The Socio-Economic Rights and Accountability Project (SERAP), a rights organisation, has kicked against the recent directive from the National Broadcasting Commission (NBC), ordering television and radio stations to deactivate their Twitter accounts.
As the Nigerian government continues with its clampdown on the freedom of expression, the regulatory body said the move follows the ban earlier placed on the operations of Twitter in the country.
The NBC also threatened to prosecute citizens who still use the social media platform despite the ban.
However, SERAP, in a swift response from its Deputy director, Kolawole Oluwadare, describe the recent order as “patently unlawful and unconstitutional”
“This directive by the NBC is itself unlawful because it is based on another unlawful decision by the Federal Government to suspend Twitter in Nigeria. The NBC’s directive has political interference written all over it. It is a blow to Nigerians’ rights to freedom of expression, media freedom, media independence and diversity.

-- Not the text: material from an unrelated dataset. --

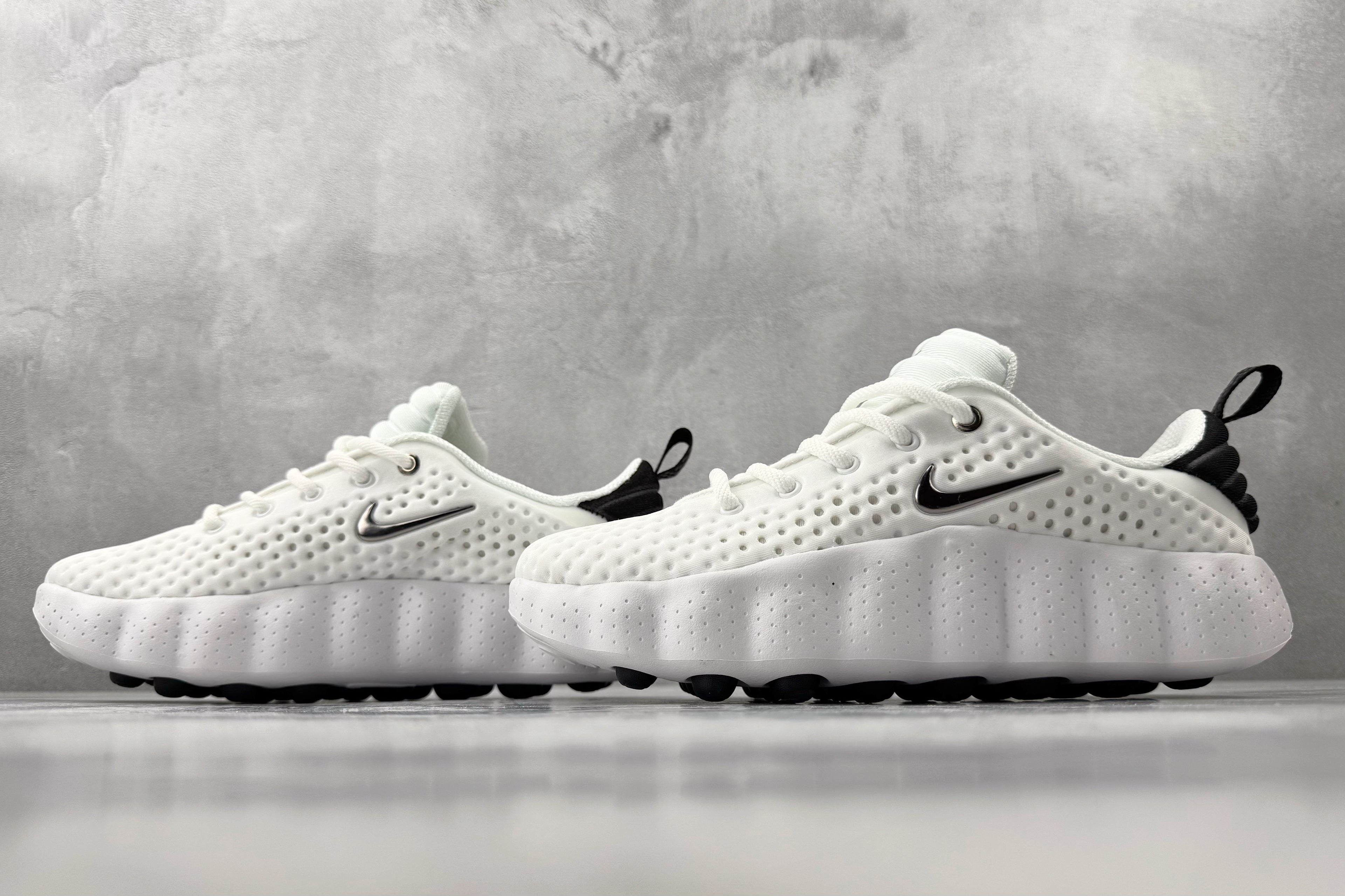 Mind 002 – Sneaker – Design‑Inspired Custom Footwear: Reverse Panda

The directive must be immediately withdrawn.”
Mr Oluwadare reiterated that freedom of expression is a fundamental human right, noting that the NBC move “is yet another nail in the coffin for human rights, media freedom and independent journalism under this government.”
“The Office of the UN High Commissioner for Human Rights should publicly and vigorously express concerns over the Nigerian government’s increasingly brutal crackdown on media freedom, and use all possible means to urge the government of President Muhammadu Buhari to protect and respect freedom of expression.”

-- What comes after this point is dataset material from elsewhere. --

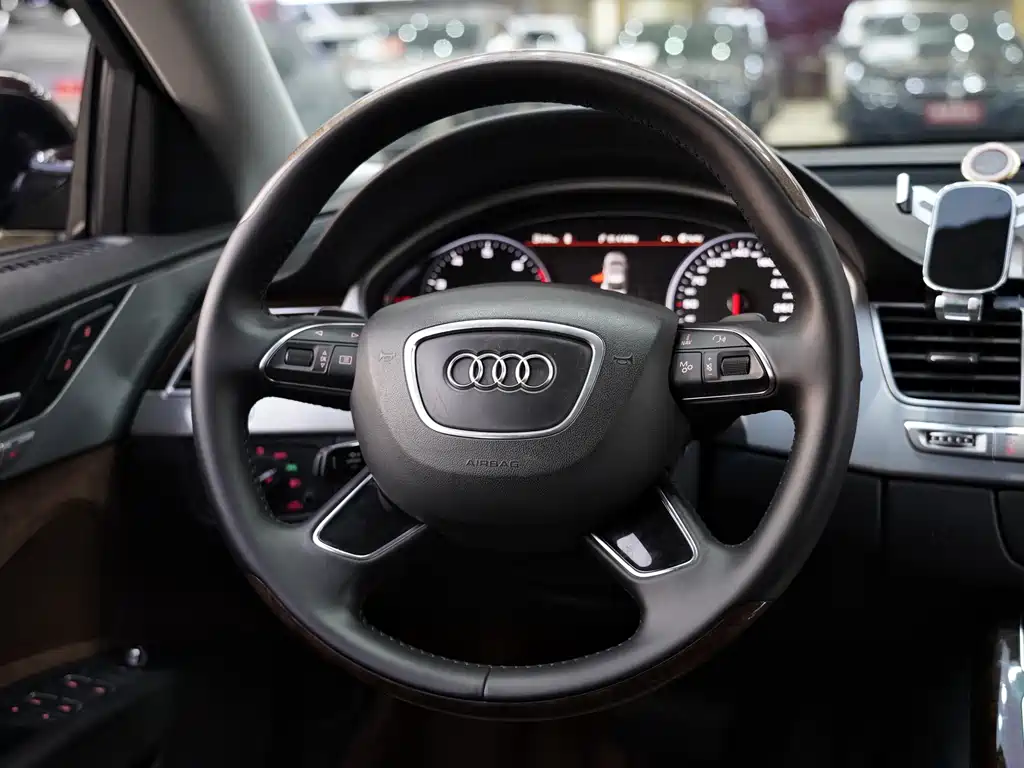 Audi A8 2015 — фото 13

The rights group called on the international community to stand with the broadcast stations and journalists because the rule of law, which encompasses freedom of expression, is essential to democracy.

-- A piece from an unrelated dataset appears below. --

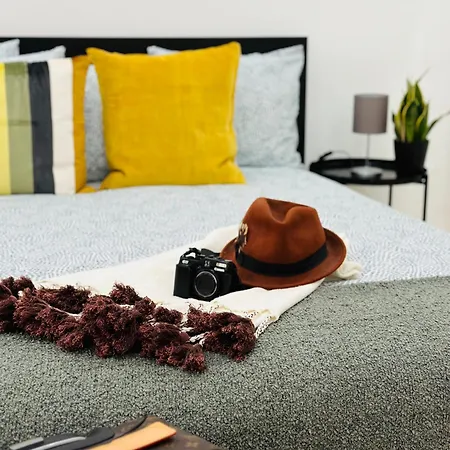 Baixa Chiado Bedrooms 리스본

“The UN and donors should continue to take every opportunity to call on the Nigerian government to rescind the unlawful suspension of Twitter in Nigeria, respect freedom of expression, and media freedom, and hold to account anyone targeting broadcast stations and journalists simply for carrying out their professional duty,” the group said.
Information minister Lai Mohammed had on Friday announced the ban on the activities of Twitter in Nigeria.
He also disclosed that the federal government has ordered the NBC to “immediately commence the process of licensing all OTT and social media operations in Nigeria.”
The suspension of Twitter follows the latter’s deletion of President Muhammadu Buhari’s controversial tweet about the civil war after some Nigerian users flagged it.
The government, in its response, accused the platform of bias against President Buhari and undermining Nigeria’s corporate existence.
Although the presidency says the ban is temporary and an attempt to curb fake news, human rights groups and foreign missions have criticised the President Buhari-led administration for censorship, calling for a reversal of the suspension.